Turner suspiró como si besarla fuera una tarea muy pesada.
– De acuerdo. -Esta vez le abrió la boca y le acarició los dientes con la lengua. Cuando volvió a levantar la cabeza y la miró, resplandecía. Parecía la única palabra para describir el brillo que emanaba de su piel-. Dios mío, Miranda -dijo, con voz ronca-, realmente eres preciosa.
Se dejó caer, rodó a un lado y la tomó entre sus brazos.
– Nunca he visto a nadie tener el aspecto que tú tienes ahora mismo -murmuró, pegándola todavía más a él-. Vamos a quedarnos así un ratito.
Se durmió pensando que era una forma excelente de estrenar un matrimonio.
6 de noviembre de 1819
Hoy hace diez semanas que me casé, y tres desde que me tenía que haber venido el periodo.

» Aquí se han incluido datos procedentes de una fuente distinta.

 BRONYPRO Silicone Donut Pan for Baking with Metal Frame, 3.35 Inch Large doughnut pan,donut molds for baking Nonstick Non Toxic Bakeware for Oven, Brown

No debería sorprenderme haber vuelto a concebir tan deprisa. Turner es un marido muy atento.
No me quejo.
12 de enero de 1820
Esta noche, cuando he entrado en el baño, habría jurado que me he visto la barriga un poco hinchada. Ahora ya me lo creo. Ya me creo que está aquí para quedarse.
30 de abril de 1820
Estoy enorme, y todavía me quedan casi tres meses. Por lo visto, a Turner le encantan mis redondeces. Está convencido de que será una niña. Susurra «Te quiero» a la barriga.

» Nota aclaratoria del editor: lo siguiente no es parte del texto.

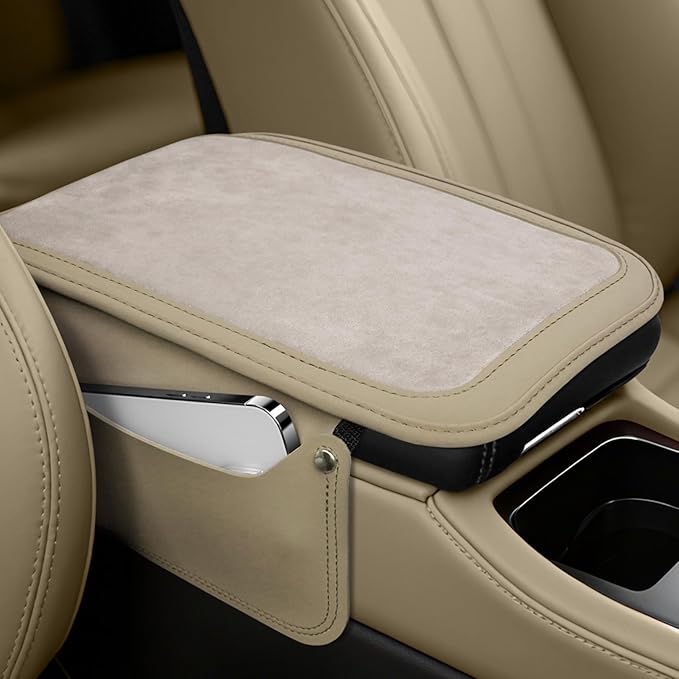 SINGARO Car Leather Center Console Cover with 2 Storage Bags, Universal Furry Fluffy Car Armrest Seat Box Pad, Comfortable Car Interior Accessories, Fits for Most Vehicles (White)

Pero sólo a la barriga. No a mí. Para ser justos, yo tampoco he pronunciado las palabras, pero estoy segura de que él sabe que le quiero. Al fin y al cabo, se lo dije antes de casarnos y, un día, él me dijo que uno no se desenamora con tanta facilidad.
Sé que me aprecia. ¿Por qué no puede quererme? O, si me quiere, ¿por qué no puede decirlo?